== Segment start ==

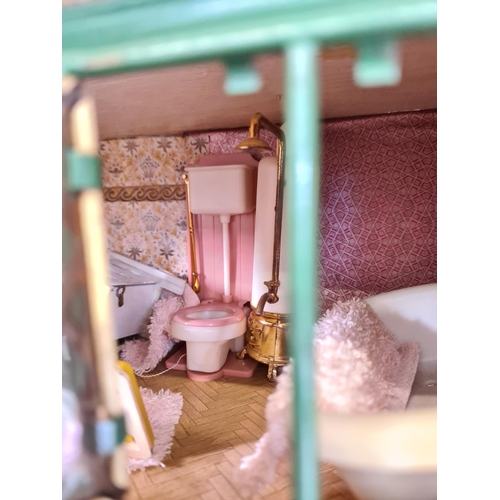 620 - A vintage hand painted two storey dolls house with a large quantity of furniture and accessories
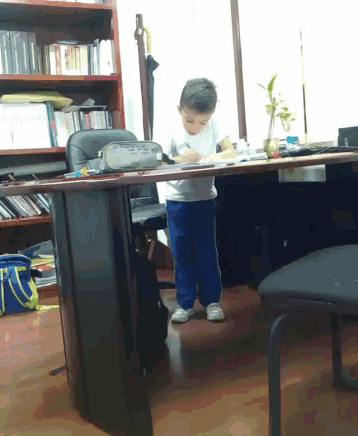 a little boy is standing at a desk with a pencil case that says ' pencil ' on it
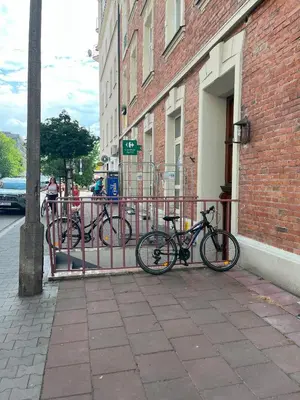 a group of bikes parked next to a building at Modern Apartments with Air Conditioning, Vistula Boulevards, Cracow city heart in Kraków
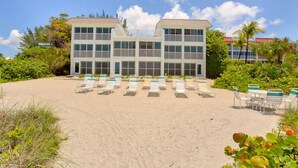 Ett hotell med utsikt över stranden, med en stor byggnad som har flera balkonger, en sandstrand framför och ett antal solstolar och bord.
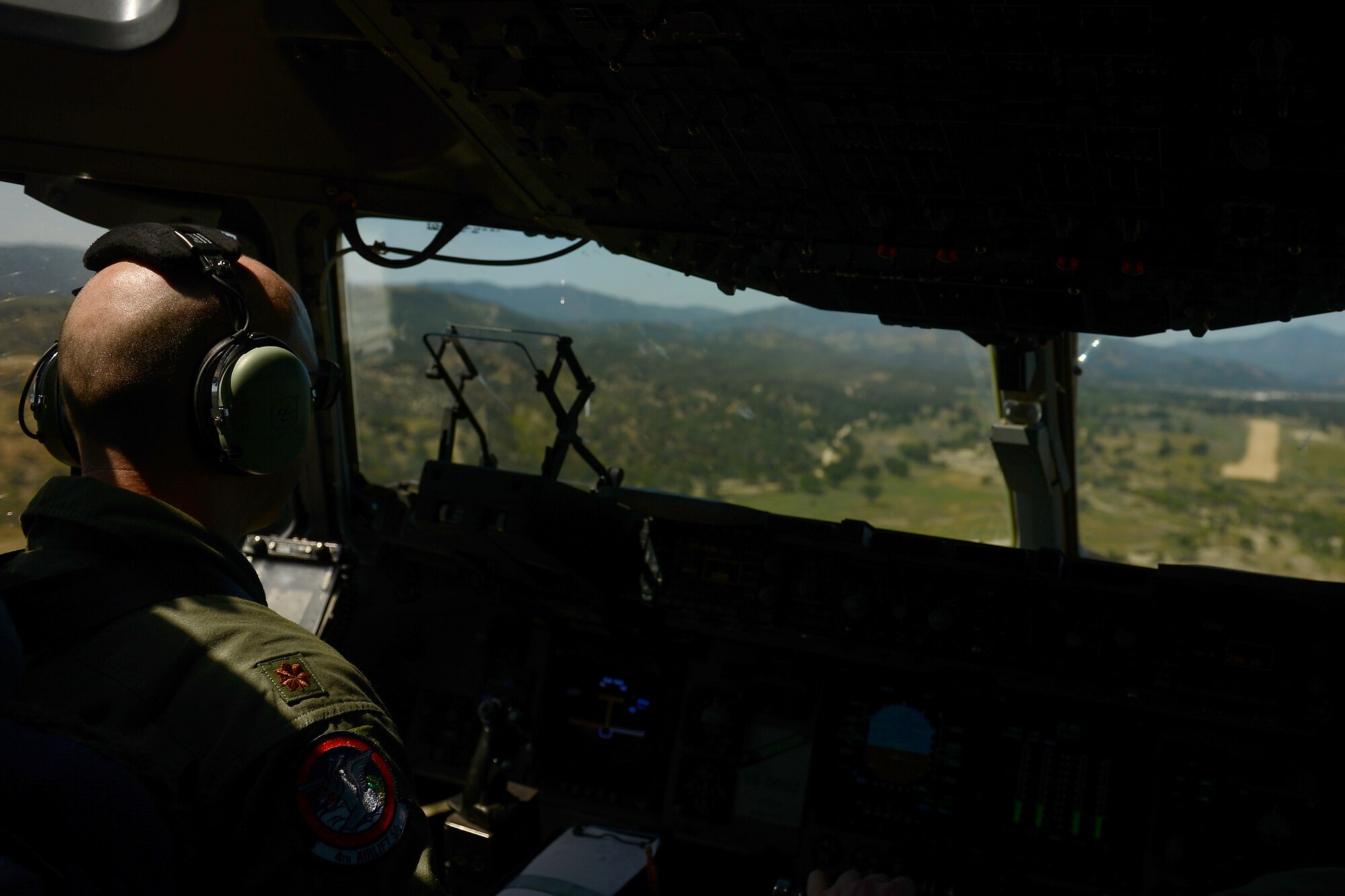 Maj. John McClelland, 4th Airlift Squadron, prepares to land a C1-17 Globemaster III April 2, 2015 at Fort Hunter Liggett, Calif. The C-17 crew conducted training on Semi Prepared Runway Operations at Fort Hunter Liggett and aerial refueling training over Western Washington. (U.S. Air Force photo/ Staff Sgt. Tim Chacon)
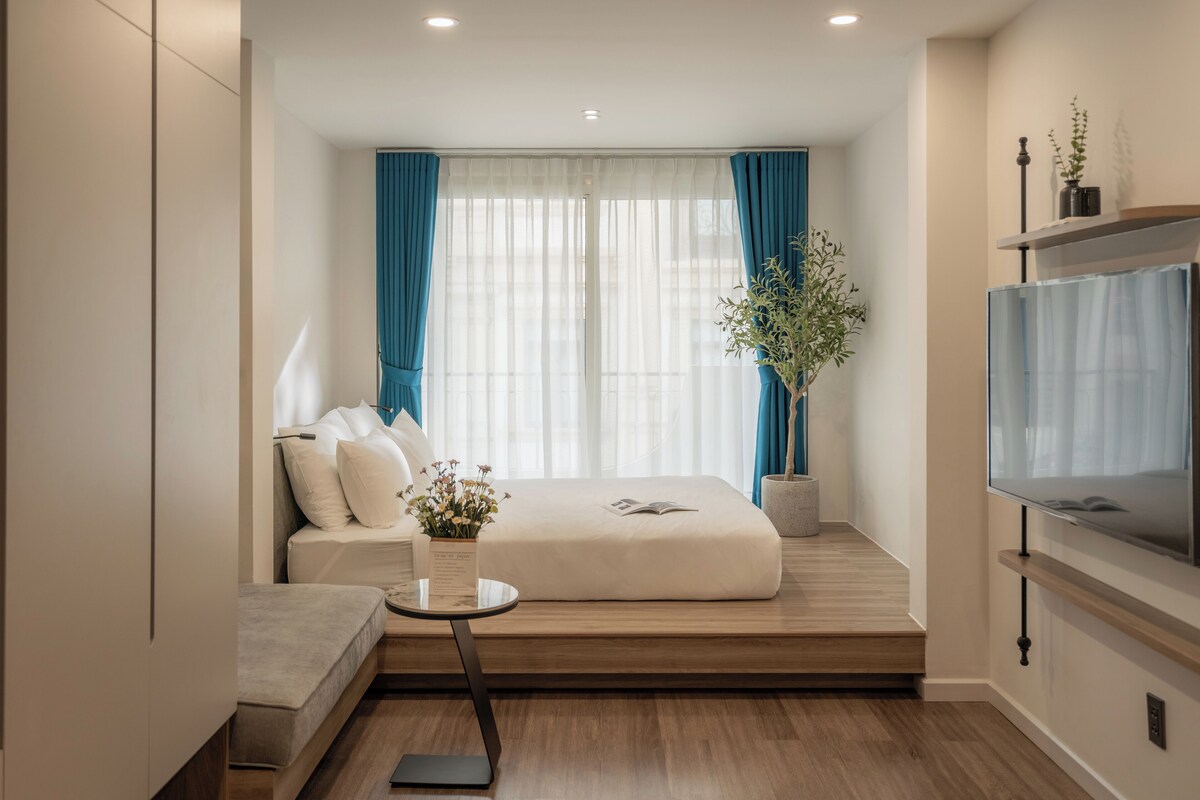 A modern hotel room with a sofa, a small table, a potted plant, and a TV.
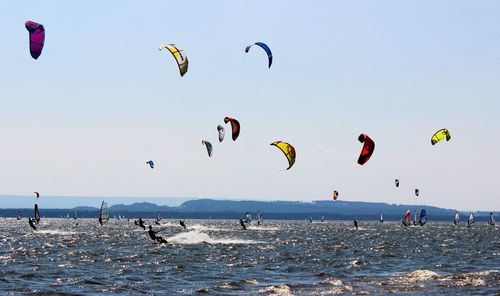 People kiteboarding in sea against sky
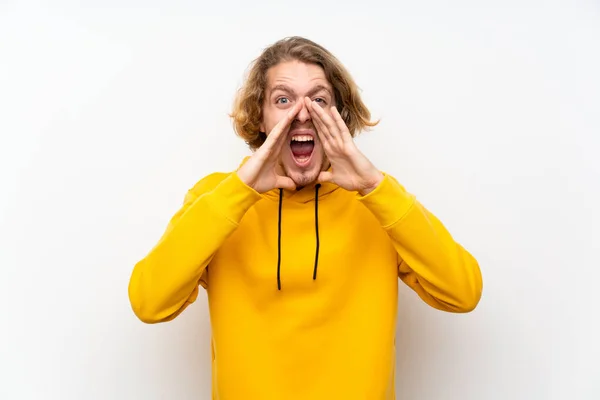 Hombre Rubio Con Sudadera Sobre Pared Blanca Gritando Anunciando Algo — Foto de Stock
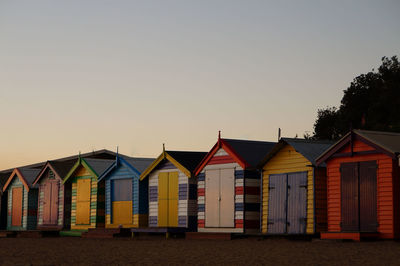 Row of houses on beach against clear sky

== Segment end ==

INSTRUCTIONS FOR THE TASK
Each line from the one with "a little boy" through the final line of the records must be copied exactly, with no pictures and no additional lines.

TASK OUTPUT
 a little boy is standing at a desk with a pencil case that says ' pencil ' on it
 a group of bikes parked next to a building at Modern Apartments with Air Conditioning, Vistula Boulevards, Cracow city heart in Kraków
 Ett hotell med utsikt över stranden, med en stor byggnad som har flera balkonger, en sandstrand framför och ett antal solstolar och bord.
 Maj. John McClelland, 4th Airlift Squadron, prepares to land a C1-17 Globemaster III April 2, 2015 at Fort Hunter Liggett, Calif. The C-17 crew conducted training on Semi Prepared Runway Operations at Fort Hunter Liggett and aerial refueling training over Western Washington. (U.S. Air Force photo/ Staff Sgt. Tim Chacon)
 A modern hotel room with a sofa, a small table, a potted plant, and a TV.
 People kiteboarding in sea against sky
 Hombre Rubio Con Sudadera Sobre Pared Blanca Gritando Anunciando Algo — Foto de Stock
 Row of houses on beach against clear sky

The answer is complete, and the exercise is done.